Work to complete
Transcribe the listing verbatim. Do not carry over any pictures.

Data section
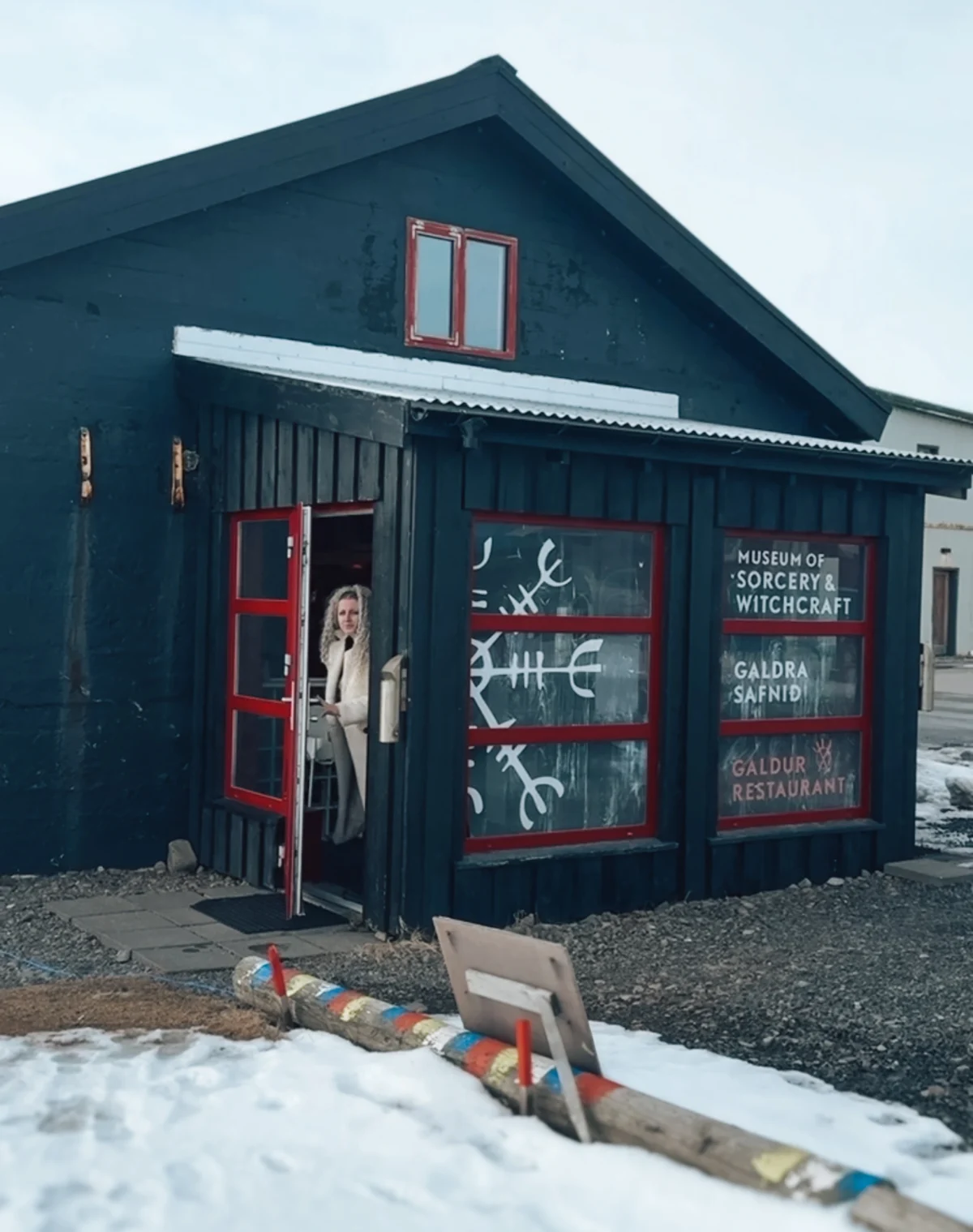 Woman in front of Museum of Sorcery and Witchcraft in Iceland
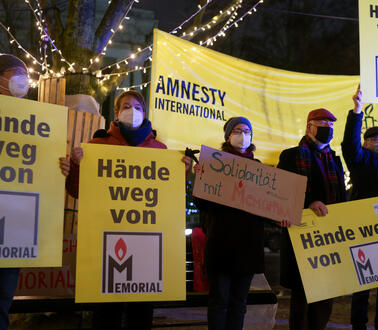 Das Foto zeigt mehrere Masken tragende Personen, die neben einem Amnesty-Banner mehrere Plakate mit der Aufschrift "Hände weg von Memorial" halten.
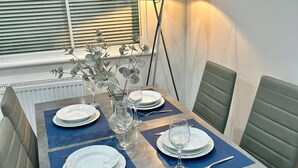 Une table à manger dressée avec des assiettes, des verres et des couverts, entourée de chaises, avec une lampe sur pied et une fenêtre avec des stores en arrière-plan.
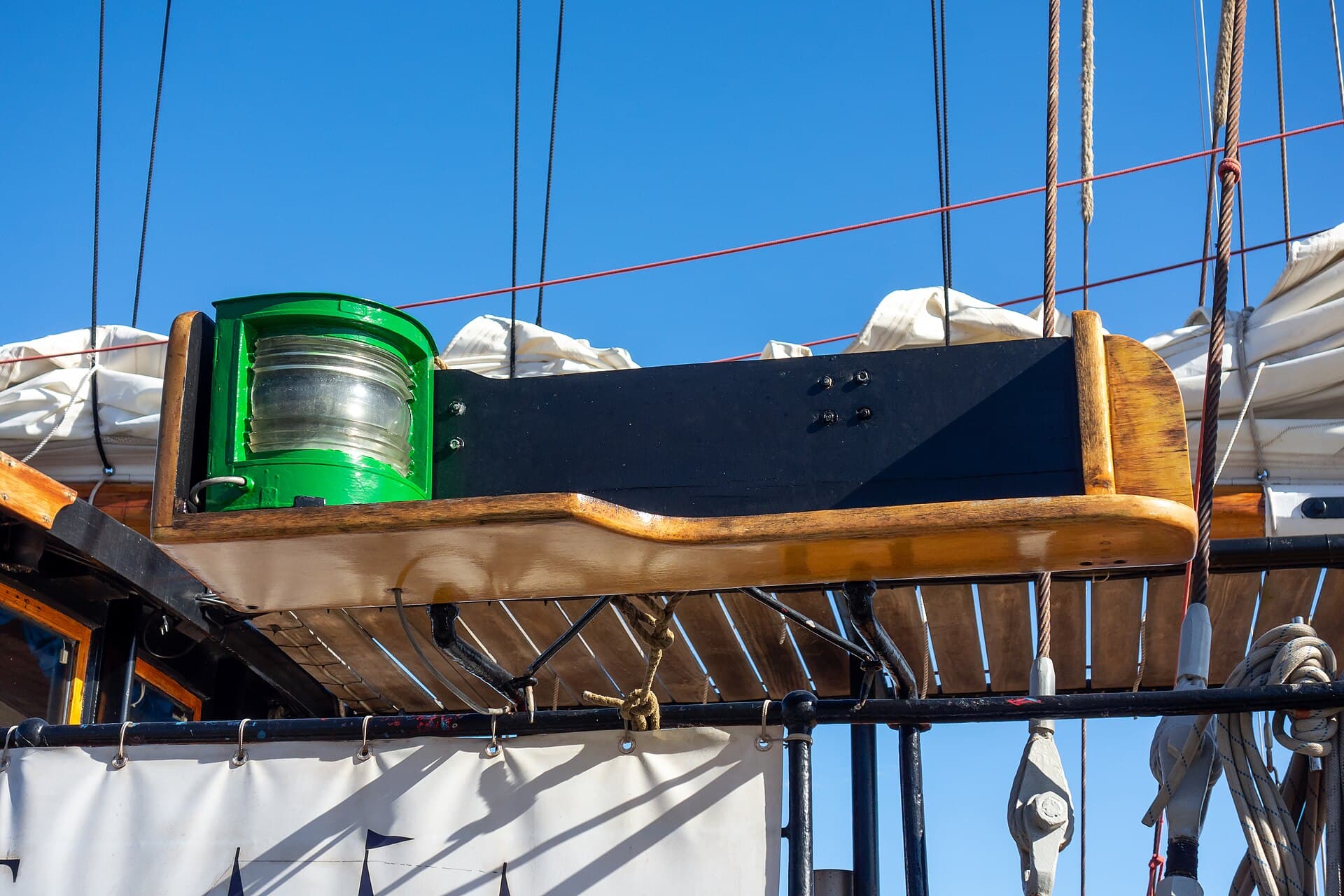 A green navigation light — the legal night signal a camera cannot replace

Response box
 Woman in front of Museum of Sorcery and Witchcraft in Iceland
 Das Foto zeigt mehrere Masken tragende Personen, die neben einem Amnesty-Banner mehrere Plakate mit der Aufschrift "Hände weg von Memorial" halten.
 Une table à manger dressée avec des assiettes, des verres et des couverts, entourée de chaises, avec une lampe sur pied et une fenêtre avec des stores en arrière-plan.
 A green navigation light — the legal night signal a camera cannot replace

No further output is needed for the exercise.